/---

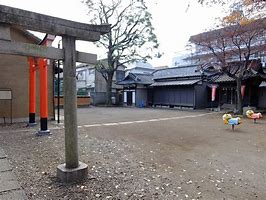 公園　南長崎五丁目稲荷神社境内児童遊園（公園）まで209m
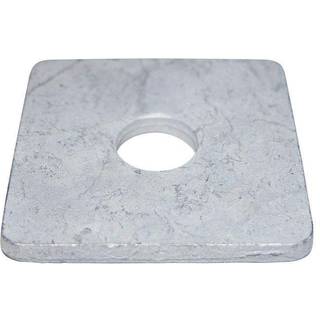 NKT firkantskive DIN436 FZV 50×50×5 M10, 50stk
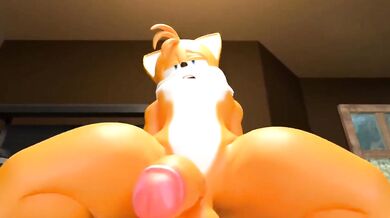 Sonic's Pounding of Tails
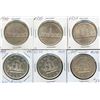 Image 1 : 1949 Silver Dollars - Lot of 6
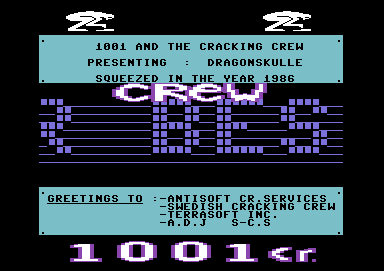 1001 and the Cracking Crew Intro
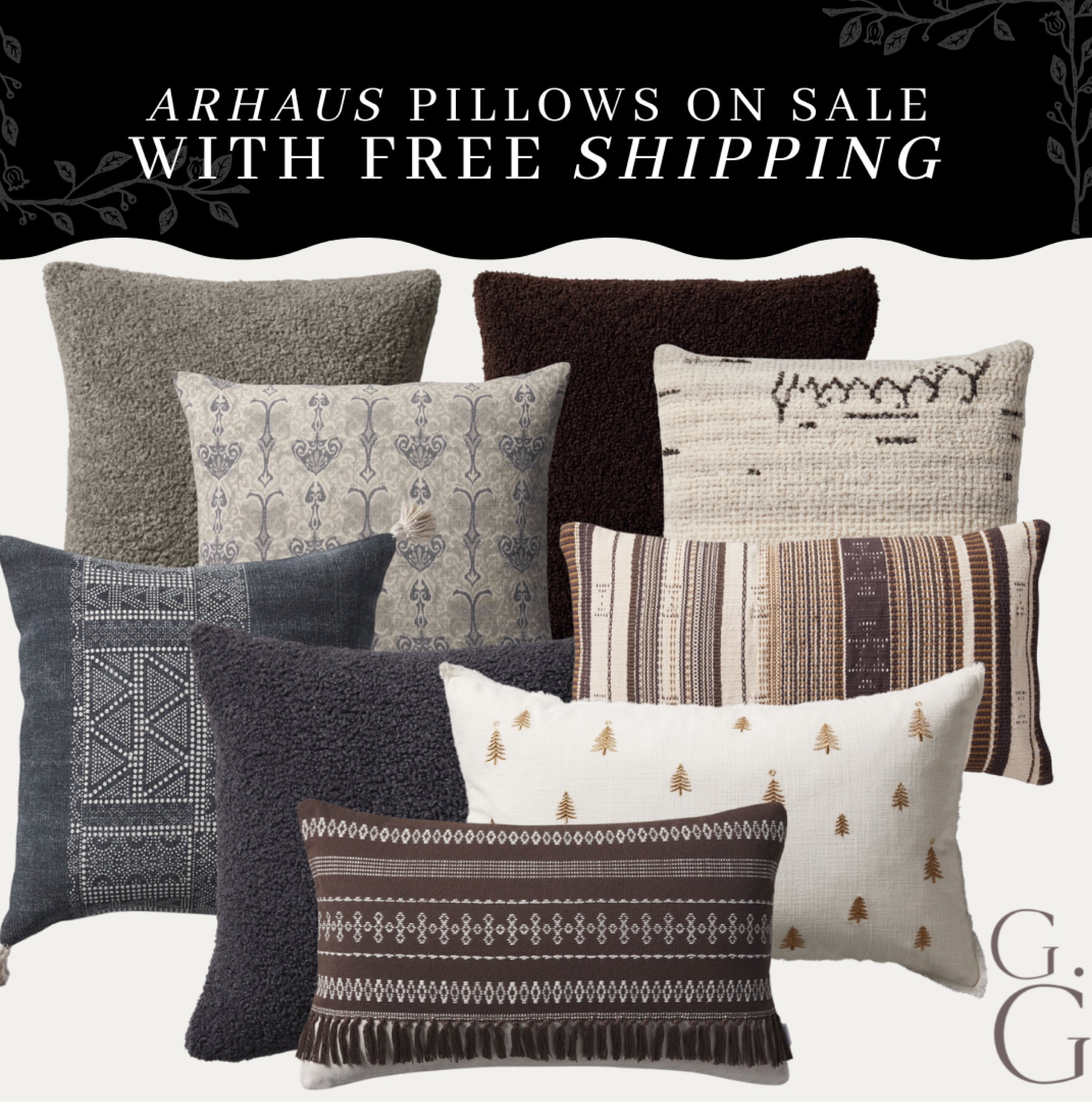 Buy Pillows, Cushions, Free Shipping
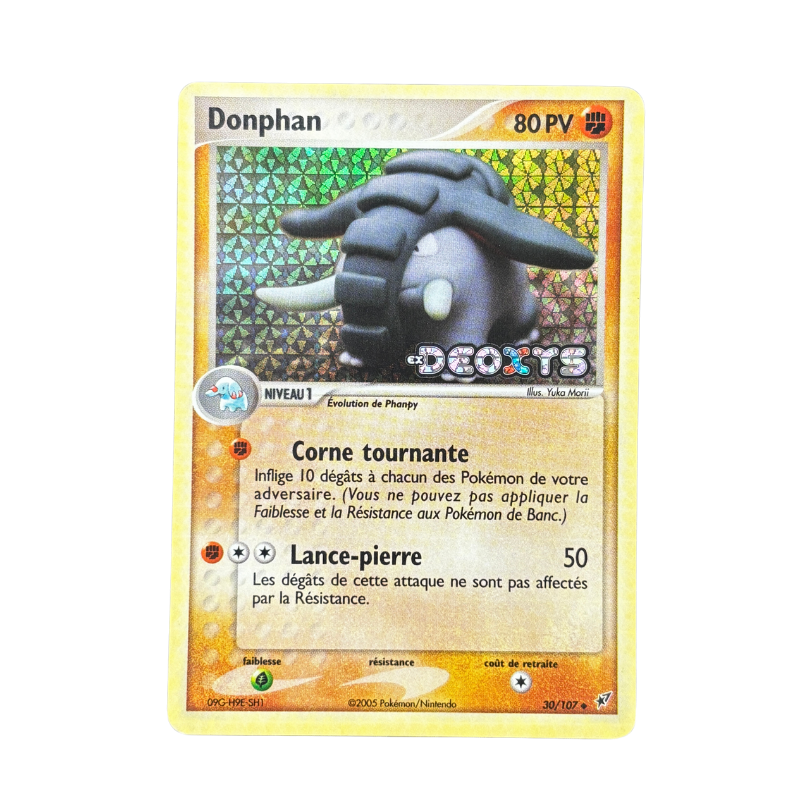 Donphan 30/107 - Deoxys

\---

### Task instructions
Across the whole listing, reproduce each line verbatim and exclude every picture.

### Task answer
 公園　南長崎五丁目稲荷神社境内児童遊園（公園）まで209m
 NKT firkantskive DIN436 FZV 50×50×5 M10, 50stk
 Sonic's Pounding of Tails
 Image 1 : 1949 Silver Dollars - Lot of 6
 1001 and the Cracking Crew Intro
 Buy Pillows, Cushions, Free Shipping
 Donphan 30/107 - Deoxys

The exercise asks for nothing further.